Hamlet is anything but indecisive, he is just contemplative. He needs to think in order to justify his actions, and his intellectual capacity is the major difference between Claudius and himself. Hamlet is extremely aware of the relation between action and reaction and realizes that he has to proceed very carefully. In the play, Claudius is the paragon of decisiveness, of action. He makes the first action, the action that sets the machine in motion – the poisoning of Hamlet’s father. He also instigates the final action, the poisoning of the blades and the cup, an action that will backfire and cause his own death.
Any other character in the play would have taken more drastic measures than Hamlet did (confiding only in his best friend, and even keeping the truth from his mother until the end of Act III). Although not every one of them might have come to killing Claudius, Hamlet seems not to do anything. Again, he thinks too much, but why?

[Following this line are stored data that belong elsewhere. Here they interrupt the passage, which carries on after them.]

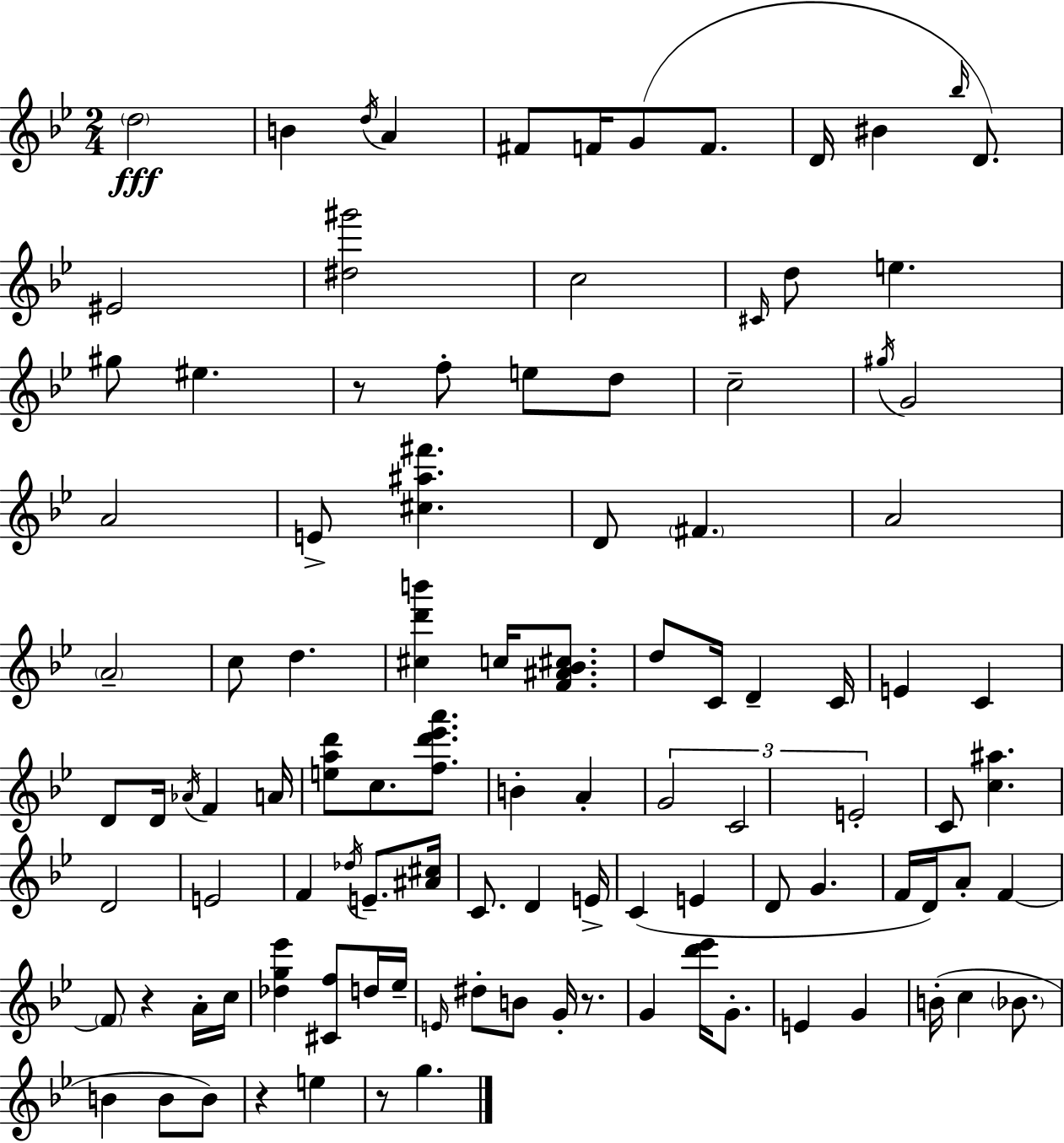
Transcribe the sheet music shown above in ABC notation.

X:1
T:Untitled
M:2/4
L:1/4
K:Bb
d2 B d/4 A ^F/2 F/4 G/2 F/2 D/4 ^B _b/4 D/2 ^E2 [^d^g']2 c2 ^C/4 d/2 e ^g/2 ^e z/2 f/2 e/2 d/2 c2 ^g/4 G2 A2 E/2 [^c^a^f'] D/2 ^F A2 A2 c/2 d [^cd'b'] c/4 [F^A_B^c]/2 d/2 C/4 D C/4 E C D/2 D/4 _A/4 F A/4 [ead']/2 c/2 [fd'_e'a']/2 B A G2 C2 E2 C/2 [c^a] D2 E2 F _d/4 E/2 [^A^c]/4 C/2 D E/4 C E D/2 G F/4 D/4 A/2 F F/2 z A/4 c/4 [_dg_e'] [^Cf]/2 d/4 _e/4 E/4 ^d/2 B/2 G/4 z/2 G [d'_e']/4 G/2 E G B/4 c _B/2 B B/2 B/2 z e z/2 g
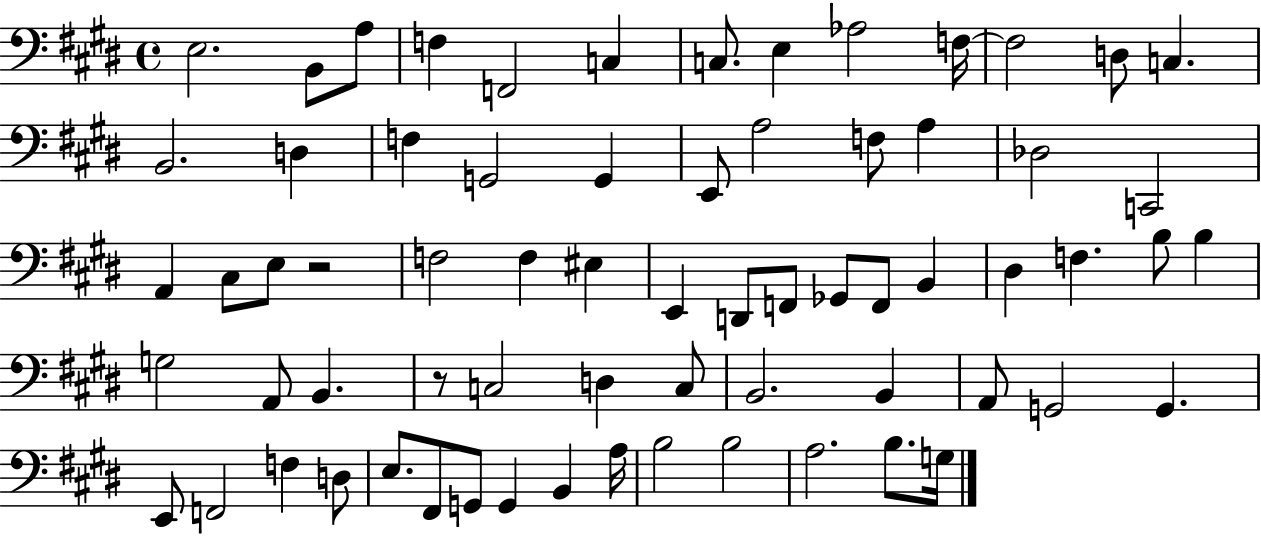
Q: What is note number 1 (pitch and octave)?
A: E3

Hamlet is self-conscious, while the majority of the characters that surround him are not. This explains why he feels inhibited to act. Hamlet resembles a real person more than any other character in the play, which might be another reason why he still remains a subject of discussion. What also sets him apart is his elusiveness. Many of the characters in the play can be categorized within minutes of their introduction. The pompous Polonius and the thick-skulled Guildenstern and Rozencrantz are perfect examples of this. This does not hold true for some characters such as Laertes and Ophelia.
In conclusion, Hamlet’s character is still a matter of debate, even centuries after his creation. Hamlet clearly shows all the signs of psychosis, something that is not easily fabricated, no matter what he may say. Most people simply assume that because he declares that he is merely feigning madness that this must be true. But, cannot a proven lunatic also claim the same?